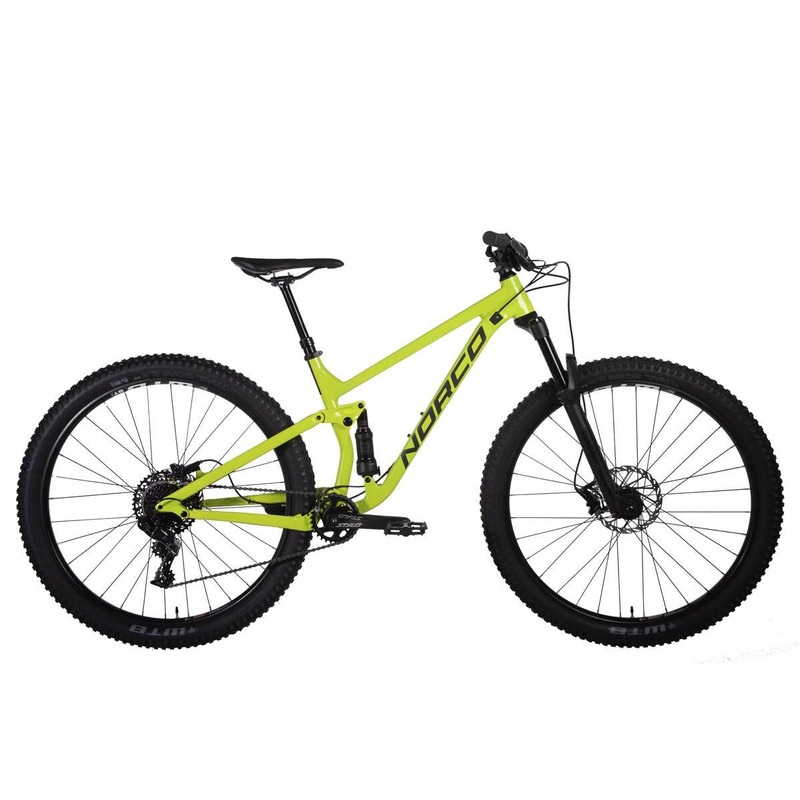 Norco Fluid 2 27.5 Mountain Bike Citron/Charcoal Black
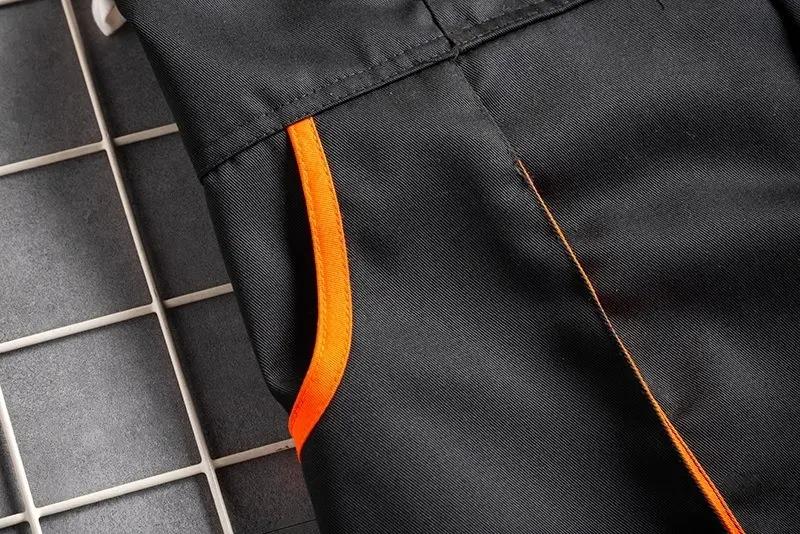 Retro Casual Workwear Overalls For Men Hip-hop Dungarees Work Clothes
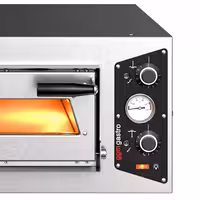 Electric Deck Pizza Oven - Single Deck - Refractory Stone Deck - 4 x Ø 30cm (12") - 230V Single Phase | Hardwired - Mechanical Controls - up to 450°C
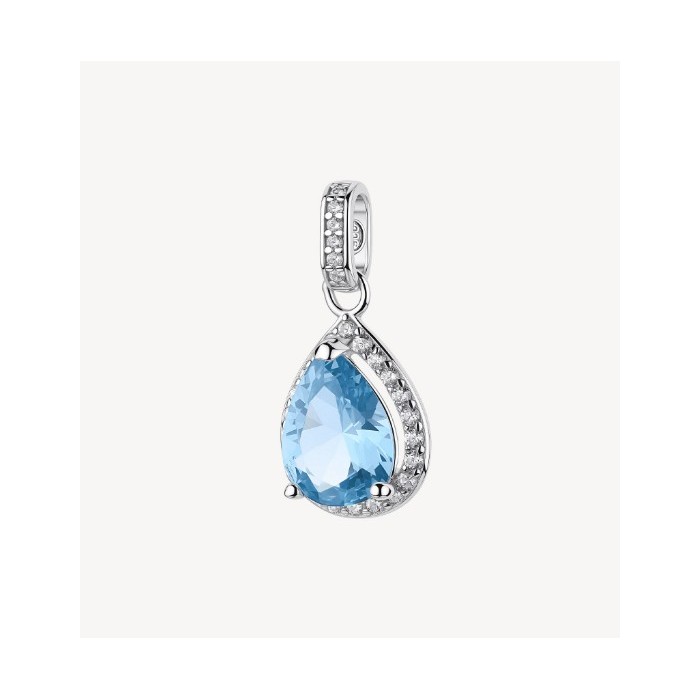 Charm BROSWAY FANCY in argento 925 e cristalli light sapphire FCL131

====================

Your instructions: You are asked to reproduce each line above exactly, but to exclude the pictures.

Written answer:
 Norco Fluid 2 27.5 Mountain Bike Citron/Charcoal Black
 Retro Casual Workwear Overalls For Men Hip-hop Dungarees Work Clothes
 Electric Deck Pizza Oven - Single Deck - Refractory Stone Deck - 4 x Ø 30cm (12") - 230V Single Phase | Hardwired - Mechanical Controls - up to 450°C
 Charm BROSWAY FANCY in argento 925 e cristalli light sapphire FCL131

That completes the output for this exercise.